Nada nuevo en el PSC. Ahí está el simulacro de argumento utilizado para defender la inmersión lingüística: la defendemos porque hay consenso entre los partidos. Sostienen su punto de vista en el punto de vista de los demás. Nosotros estamos de acuerdo porque los demás están de acuerdo. Un disparate. Con ese guion, bastaría con que dos, los primeros, sostuvieran una opinión para que, al rato, todos la compartieran.

Cabría pensar que estamos ante un ejemplo de populismo. Vicente dispuesto a encabezar a la gente. Pero hay algo más, hay un norte político. Un norte que explica que, en su día, el PSC pasase de defender el bilingüismo, «así como el derecho de los padres a elegir la lengua con la que quieren educar a sus hijos en las primeras etapas educativas» (Raimon Obiols, Abc, 13/10/94), a invocar el cochambroso argumento del consenso. El mismo norte que permite entender que Iceta no se sumara a la primera manifestación de octubre, antes de conocer cuántos asistirían, la que realmente tasaba las convicciones. Sencillamente, el PSC asume la bondad de ofrecer una salida al nacionalismo y a su mentira fundacional: la construcción de la identidad nacional.

La calidad mentirosa del nacionalismo es consustancial: presenta como objetivo a conseguir lo que, a la vez, da por natural. Por definición, la identidad se tiene, en la identidad se está; no se construye o se persigue. Convertir algo en un proyecto es reconocer que ese algo no existe. Aspirar a construir la nación es negar la nación que se invoca.
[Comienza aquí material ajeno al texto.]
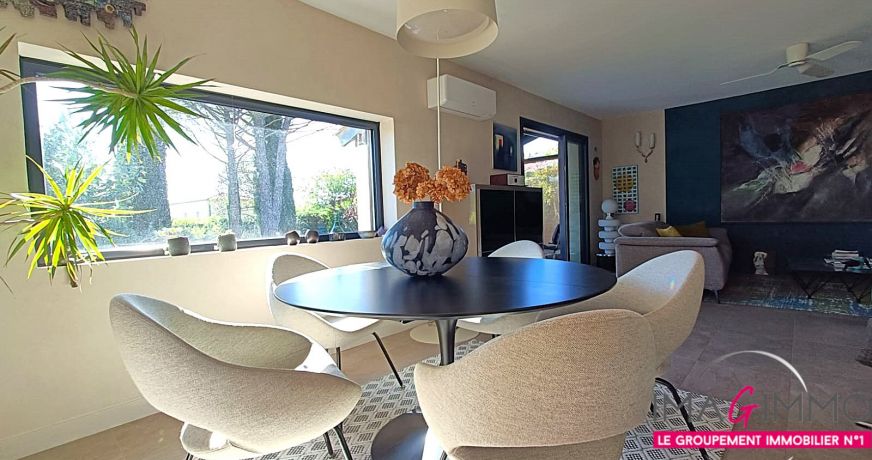 vente Villa Vailhauques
Pero para quien, como el PSC, asume que el nacionalismo no es un proyecto político a batir sino a satisfacer, las inconsistencias no son un problema. Su reto es dar curso al trastorno, normalizarlo. No lo asume como lo que es, como una locura reaccionaria, sino como un proyecto cuyos objetivos deben ser aceptados por los demás. Si lo dudan, recuerden las recientes declaraciones de Iceta a Berria en las que echaba cuentas del tiempo que los españoles necesitarían para digerir el despropósito de que un 9% de españoles (ese 65% de catalanes que cifraba como suficientes para plantear el referéndum) pudiera decidir privar de los derechos de ciudadanía a los españoles en una parte de su país.

No descuiden el supuesto de fondo: para Iceta las opiniones que deben modificarse no son las de quienes erosionan los mimbres de la comunidad política, sino las de quienes defienden la igualdad entre los ciudadanos. El objetivo no es desmontar el nacionalismo, sino la resistencia al nacionalismo.

Y no me digan que las consideraciones de Iceta son irrelevantes. EL PSC escribe hoy el guion catalán del PSOE. Tampoco que se trata de un descuido. Miquel Iceta y en una entrevista: cualquier cosa menos un despiste. Un globo sonda.